A: Group A protons should show up as a doublet of doublets due to the differing J values on each alkene proton. Furthermore, the peak assigned has an integration of 3H, matching with the 3 protons of this specific methyl group.
B and C: Alkene protons typically show up around 5.3 ppm. Proton C is closer to the actual molecule, which has more electronegative groups than does the terminal methyl group. We expect proton C to be slighter more downfield compared to proton B.
D/H: Considering the provided COSY, protons D and H can be attributed to the multiplet between 2.41 and 2.30. Although these protons are not diastereotopic and are located far from one another, their chemical shifts just so happen to overlap.
E/S/T: the peak that integrates to 9H is likely three methyl groups that have low interactions with electronegative atoms. These three groups are not directly next to an electronegative oxygen atom, so we grouped them together as the 9H peak.

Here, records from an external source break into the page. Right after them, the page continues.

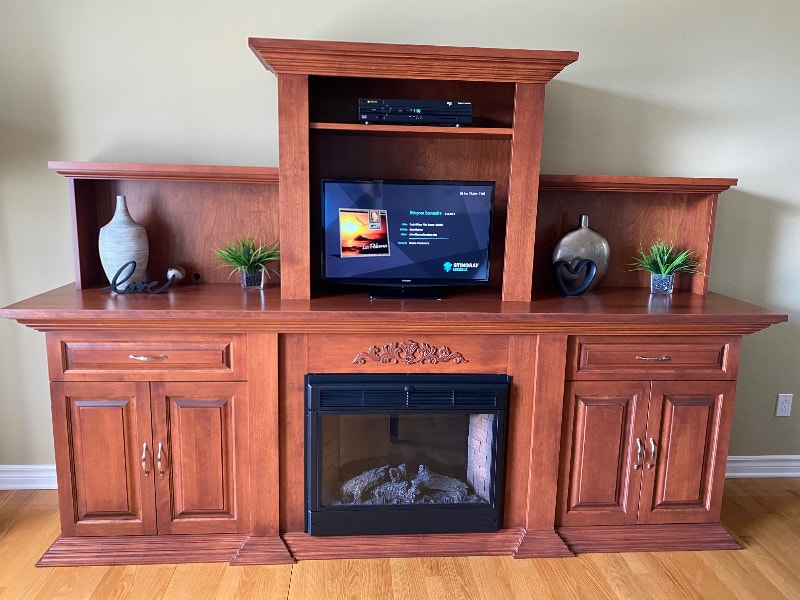 Meuble audiovisuel en bois massif avec foyer électrique Meubles de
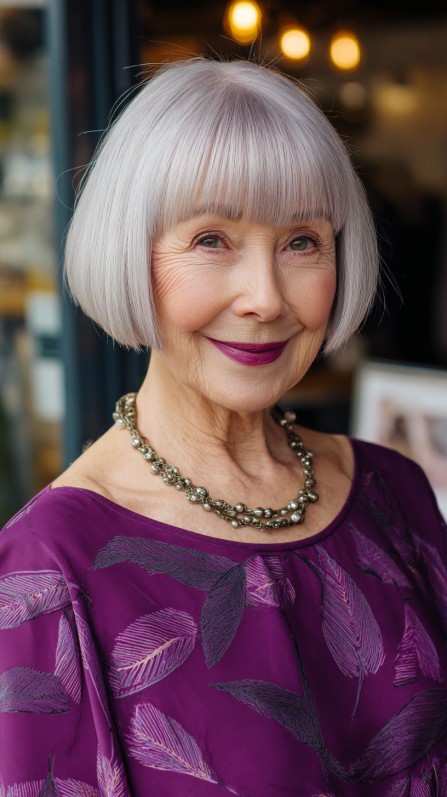 Sleek Silver Bob with Precision Bangs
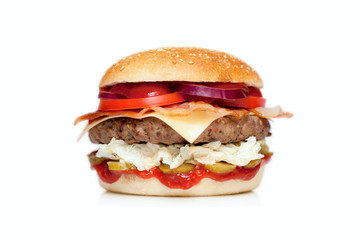  Juicy burger with a big cutlet, cheese, cucumber, tomato, onion, cabbage, sauce and sesame bun on a white background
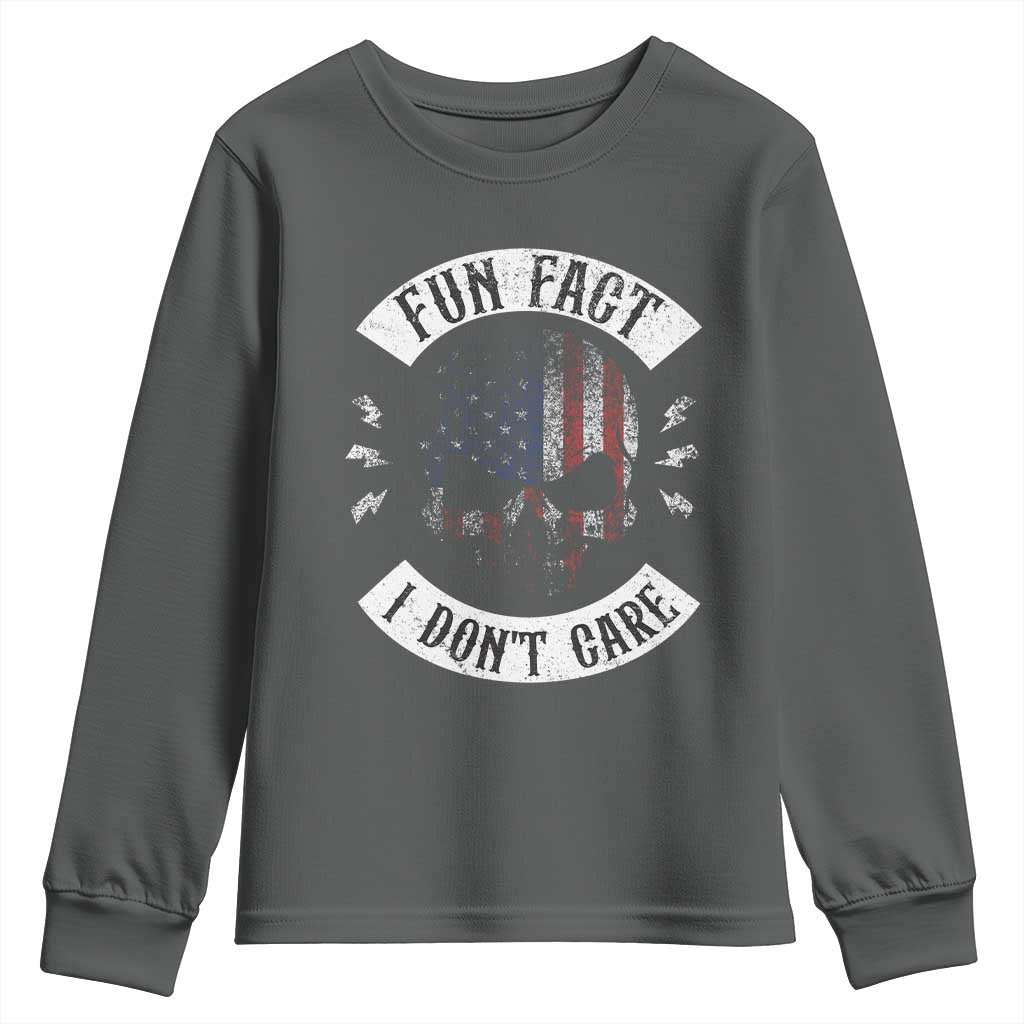 Fun Fact I Dont Care Youth Sweatshirt Retro US Flag Skull Skeleton Funny Saying Quote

F/G: Protons F and G are diastereotopic so have different chemical shifts. Chemical shifts at 2.81 and 2.59 are expected for protons one bond away from carbonyl carbon-oxygen double bond.
I: This assignment is based on the COSY, which shows 1H interacting with protons ~1 ppm. These protons are the ones on the diastereotopic methyl groups, and they are the only interactions present besides themselves.
J/K: These two methyl groups differ slightly in their ppm due to the diastereotopicity of the isopropyl group that they are attached to. At any given time, the sigma bond of the ring to the isopropyl group will rotate, giving rise to slightly different magnetic readings from the two different methyl groups J and K.
L: This proton is fairly upfield due to it being adjacent to an ester. We would have predicted a doublet of doublet due to two non-equivalent 3-bond neighbors, but the empirical data shows an unexpected singlet.
M: Proton M is attached to an sp3 carbon with only one 3-bond hydrogen neighbor. Process of elimination suggests that this group is at 1.92 to 1.77 even though the multiplicity is a multiplet while a doublet would be the predicted multiplicity.
N/V: The methoxy hydrogens usually have a peak around ~3.8 ppm which is the case here. The integration of 4 can be explained by proton V having a similar chemical shift as the methoxy hydrogens.
O: Proton D shows coupling with a proton with chemical shift at 3.12 which can be attributed to proton O which makes sense given the doublet of doublets multiplicity. This multiplicity can be attributed to coupling with protons D and P.
P: This proton is two bonds away from an electronegative oxygen atom, making it fairly downfield. We expect a doublet from proton O, but the data shows an unexpected singlet.
Q/R: Being diastereotopic hydrogens next to a methyl group, these protons are expected to have a doublet of quartets splitting pattern. The integration also matches with 2H.
U: Proton U is similar to Q and R because of the unique doublet of quartets splitting pattern that arises from it being vicinal to a diastereotopic hydrogen (V) and the adjacent methyl group (T).